Hello everyone, Thank you for joining me today for my PhD defense. I’d like to extend my gratitude to my supervisors for their guidance and insights throughout this journey. My thesis examines how collaborative structures and standardized data can support meaningful exchange and reuse of information. It also reflects my interest for using web-based and community-driven technologies to transform the way we understand, share and value cultural heritage.
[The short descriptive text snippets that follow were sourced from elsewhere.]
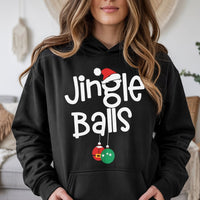 Adult Holiday Humor Sweatshirt, Jingle Balls Humorous Christmas Hoodie, Festive Graphic Pullover, Crude Christmas Humor Hoodie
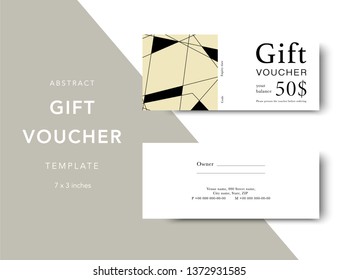 Abstract gift voucher card template. Modern discount coupon for shopping with abstract pattern. Modern fashion background design with information sample text. Coupon template for gift and shopping. 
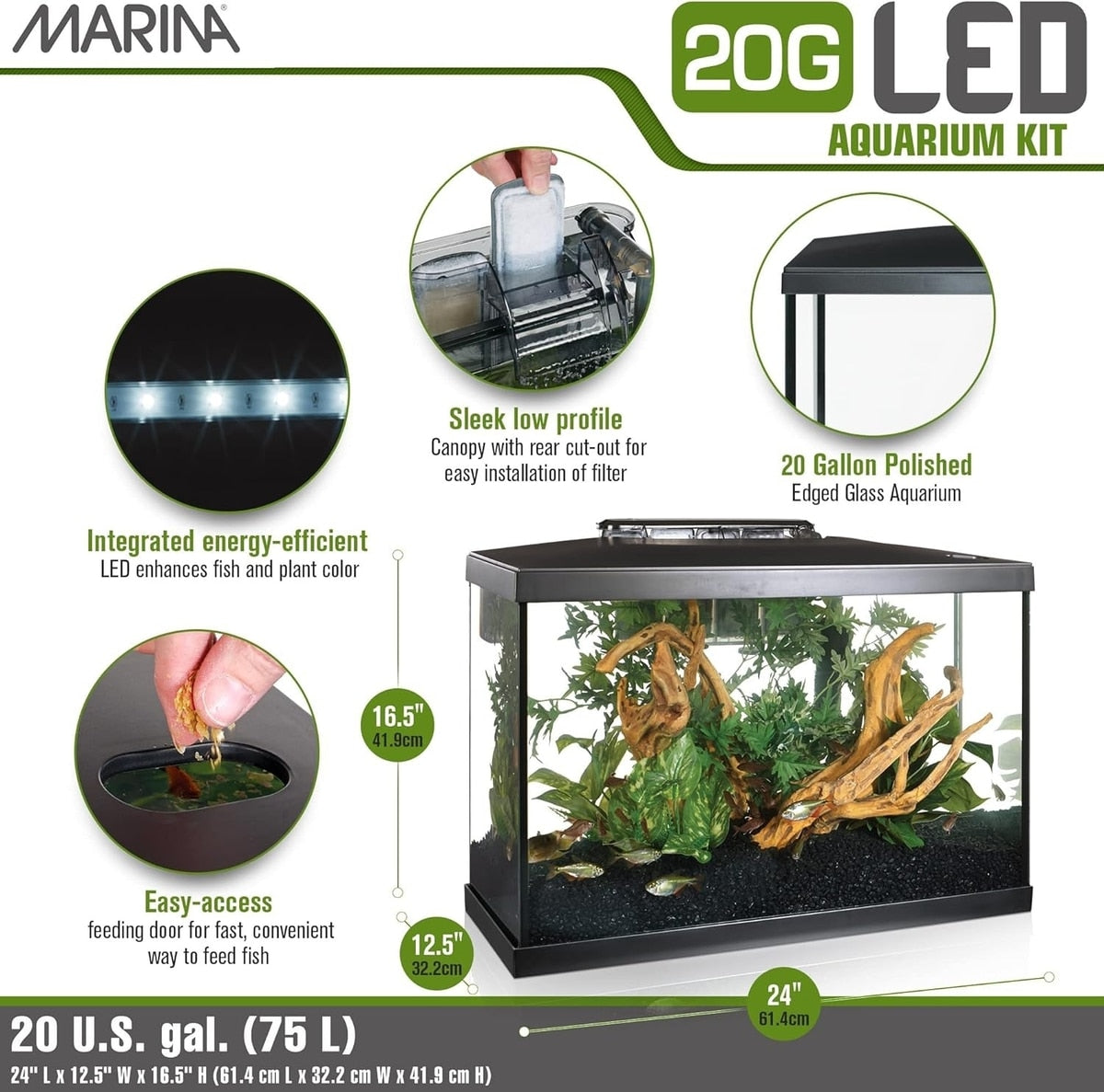 Marina 20G LED kit features panel: energy-efficient LED, low-profile canopy, feeding door, 24 x 12.5 x 16.5 inch tank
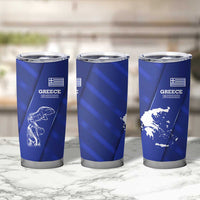 Greek Pride Tumbler Cup with Ancient Sculpture and National Map Graphic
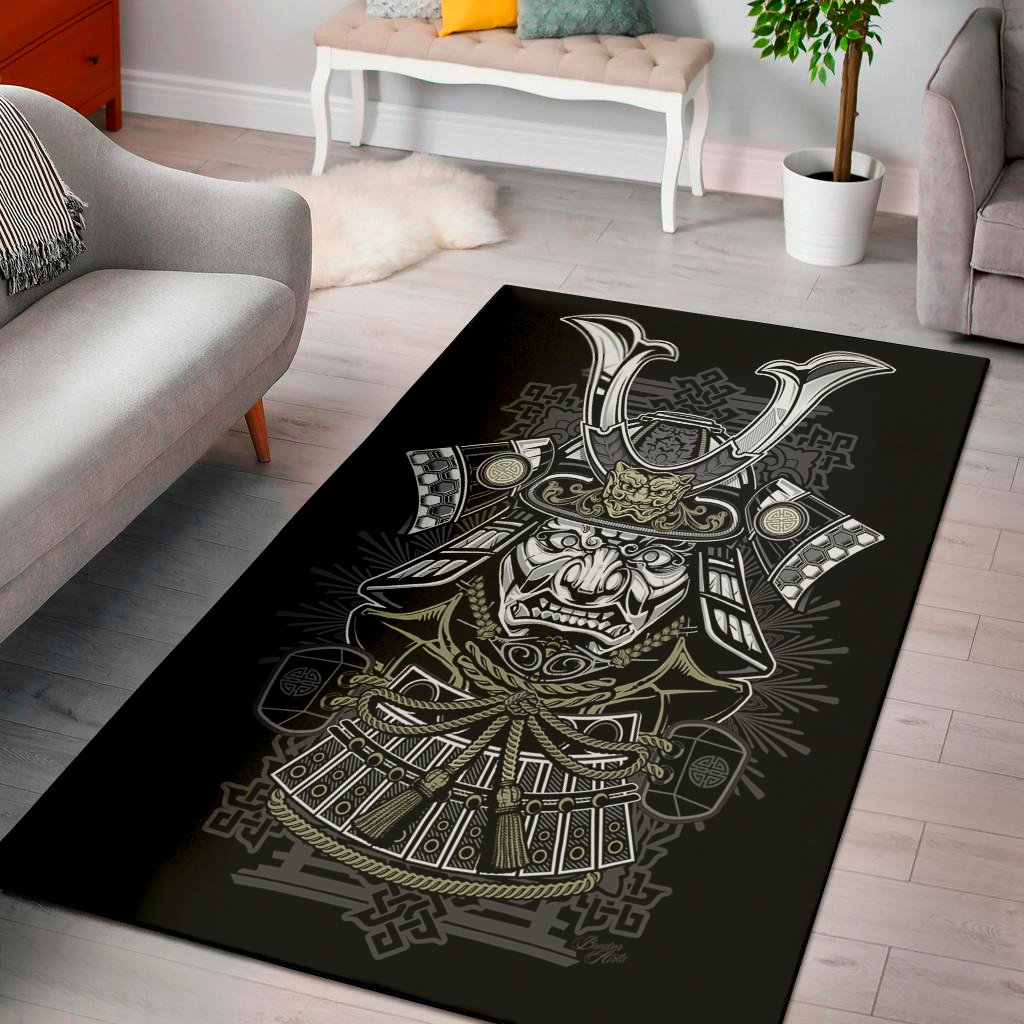 japanese samurai warrior print area rug floor decor 2941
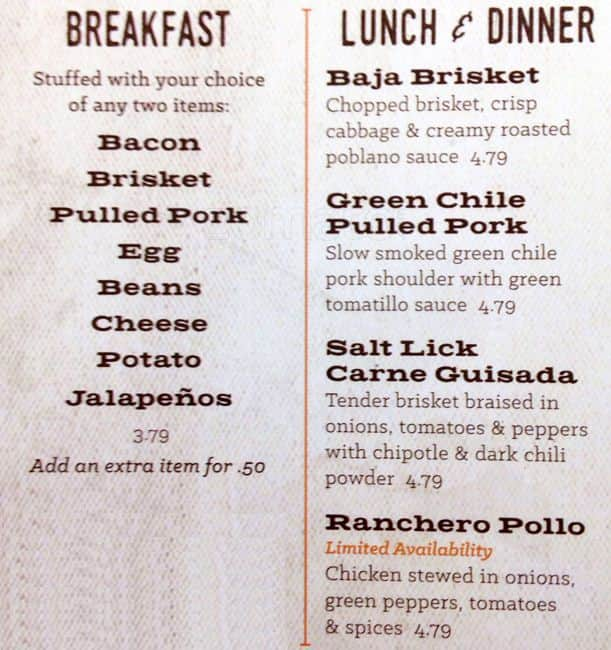 Menu at The Salt Lick Taco Bar, Austin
Let's start with a famous picture taken by Ernst Brunner in 1939 in Guarda showcasing people dancing in a circle. With the protocols and tools available, it is now relatively easy to zoom in on a digital image. What you are actually seeing is not one image, but several of them, or parts of them, known as tiles, delivered by a server and displayed by a client, here Leaflet. Both programs support the IIIF Image API, allowing compatible images to be displayed in different environments.
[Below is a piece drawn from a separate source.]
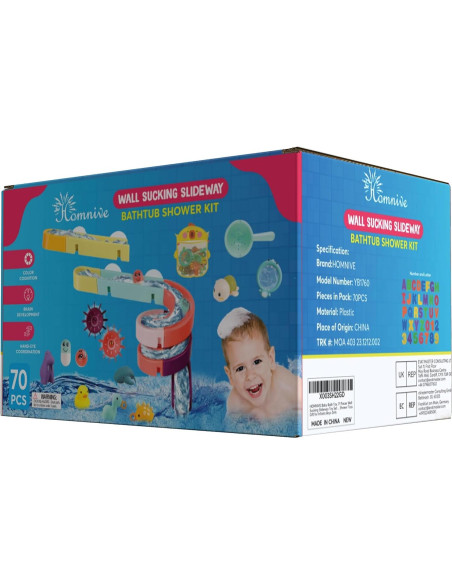 Set de 70 Juguetes de Baño HOMNIVE para Niños 1-3 Años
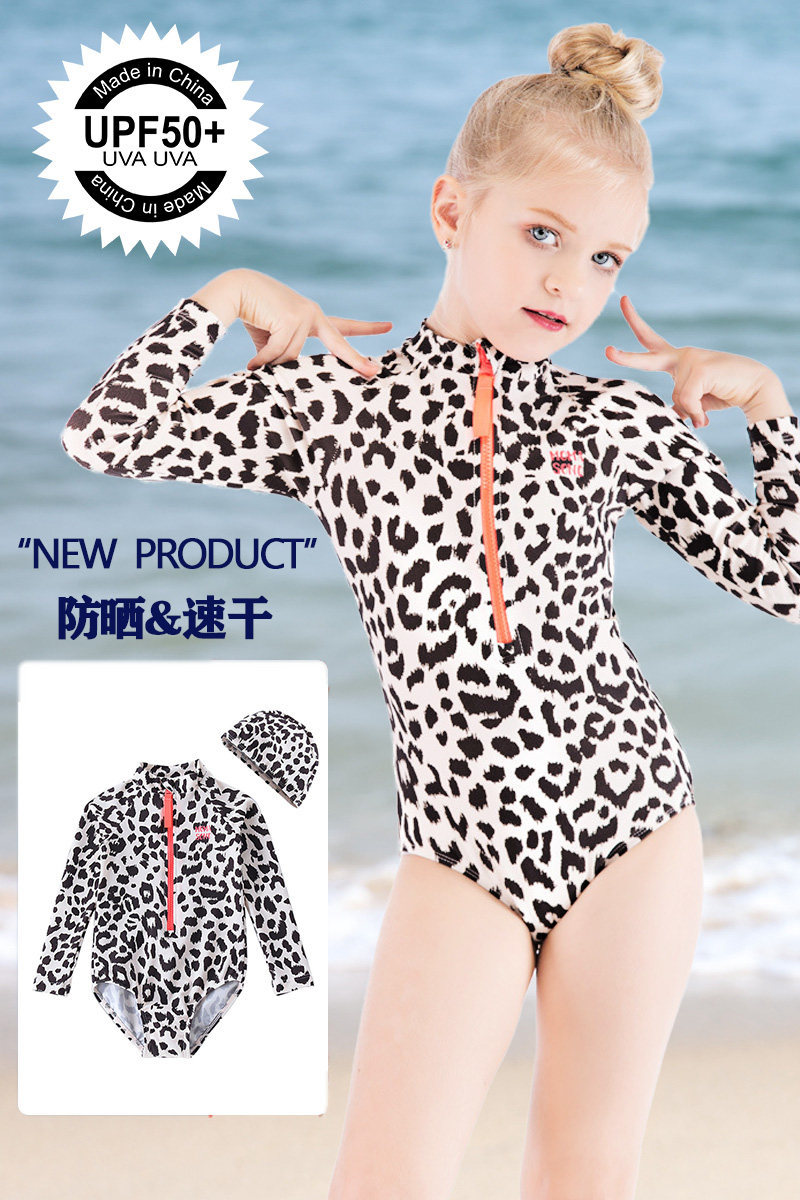 British children's swimsuit girls one-piece long sleeve sunscreen BAO WEN swimsuit girl Baby Baby Baby swimsuit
This image offers multiple avenues for exploration. It can be studied through various lenses: the date it was taken, when it was acquired by the photographic archives, or even when it was digitized. Notably, the photograph was also part of the iconic "Family of Man" exhibition, organized by Edward Steichen and first shown at the Museum of Modern Art in New York in 1955. Now, the question is: while we as humans understand the semantics and these different entities (object, people, exhibition), how can we ensure that machines do as well? How do we make catalogues of metadata easily shareable and interoperable across memory institutions?
Linked Open Usable Data - or LOUD - aims to bring the vision of the Semantic Web into practical, global use, especially within cultural heritage, by building on community-driven standards like the International Image Interoperability Framework (IIIF) and Linked Art. LOUD has five design principles as the baseline for usability and are targeted primarily to software developers. It is centred on JavaScript Object Notation for Linked Data (JSON-LD) as the preferred serialisation format. This snippet represents "the tip of the iceberg." Behind it lies the challenge of organizing these pieces of information in ways that different systems can interpret consistently. Achieving this level of interoperability requires consensus on metadata standards and structures.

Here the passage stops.